Dari sudut pandang pers, jelas media di Indonesia adalah lembaga kemasyarakatan (social institution). Dia dimiliki oleh bangsa Indonesia, tapi tidak sepenuhnya dimiliki bangsa Indonesia. Maksudnya begini, dia menggunakan frekuensi udara dan gelombang yang merupakan milik negara untuk sebesar-besar kemakmuran rakyat. Hanya saja, media tetap punya hak untuk menghidupi dirinya sendiri sebagai sebuah perusahaan.
Dengan demikian, maka pers Indonesia tidak bisa hidup hanya di belahan idealnya saja. Melainkan juga mengejar keuntungan (profit) untuk menggaji para pekerjanya. Mulai dari wartawannya, penjaga kantinnya hingga satpamnya. Sayang, terkadang dalam upaya mengejar profit itu, media di Indonesia mulai meninggalkan belahan idealnya.

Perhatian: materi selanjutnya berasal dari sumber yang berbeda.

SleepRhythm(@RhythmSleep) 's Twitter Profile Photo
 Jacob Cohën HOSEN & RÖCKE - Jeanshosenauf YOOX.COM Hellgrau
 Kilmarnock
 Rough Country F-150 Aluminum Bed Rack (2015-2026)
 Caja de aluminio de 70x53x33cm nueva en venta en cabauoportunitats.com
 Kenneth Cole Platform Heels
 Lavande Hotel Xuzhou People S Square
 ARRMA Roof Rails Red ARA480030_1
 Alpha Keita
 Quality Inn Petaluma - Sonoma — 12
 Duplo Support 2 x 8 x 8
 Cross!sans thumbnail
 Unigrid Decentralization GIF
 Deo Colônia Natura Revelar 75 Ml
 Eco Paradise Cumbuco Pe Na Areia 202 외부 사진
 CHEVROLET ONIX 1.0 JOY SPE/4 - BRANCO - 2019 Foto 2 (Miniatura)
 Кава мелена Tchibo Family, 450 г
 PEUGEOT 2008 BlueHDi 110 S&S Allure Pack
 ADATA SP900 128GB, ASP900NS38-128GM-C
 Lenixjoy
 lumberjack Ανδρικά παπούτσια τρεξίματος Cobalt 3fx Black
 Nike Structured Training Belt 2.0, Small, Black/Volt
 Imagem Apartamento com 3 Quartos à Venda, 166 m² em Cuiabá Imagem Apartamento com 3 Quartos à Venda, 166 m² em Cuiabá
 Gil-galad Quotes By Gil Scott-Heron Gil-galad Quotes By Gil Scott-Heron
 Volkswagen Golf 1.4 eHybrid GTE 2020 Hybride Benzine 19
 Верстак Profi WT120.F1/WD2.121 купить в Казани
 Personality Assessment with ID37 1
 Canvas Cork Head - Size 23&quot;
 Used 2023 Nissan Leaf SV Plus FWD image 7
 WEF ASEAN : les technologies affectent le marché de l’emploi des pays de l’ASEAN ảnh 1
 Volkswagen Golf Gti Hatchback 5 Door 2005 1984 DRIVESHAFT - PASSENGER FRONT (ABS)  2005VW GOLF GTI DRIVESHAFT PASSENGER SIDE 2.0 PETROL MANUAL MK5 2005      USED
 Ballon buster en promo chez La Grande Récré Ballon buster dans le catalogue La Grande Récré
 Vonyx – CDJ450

Bukan cuma sekedar memenuhi kebutuhan ekonomi, media di Indonesia pun dasawarsa ini menjadi dilema diatas pertikaian politik yang ada. Di satu sisi ia ingin ideal, tapi di satu sisi dia bekerja untuk siapa? Mungkin, kedepannya Dewan Pers perlu memberikan batasan kepada pemilik media untuk berpolitik praktis. Atau memilih diantara yang kedua?
Jika merujuk kepada Fred S. Siebert, Theodore Peterson dan Wilbur Schramm dalam bukunya yang terkenal “Four Theories of The Press” mungkin pers kita tengah menuju ke arah pers libertarian. Karena menurut pendapat Effendy (2004) hanya ada dua kategori pers, yakni Libertarian dan Authotitarian. Libertarian melahirkan Social Responsibility Theory dan Soviet Communist Theory merupakan anak turunan dari Authoritarian Theory.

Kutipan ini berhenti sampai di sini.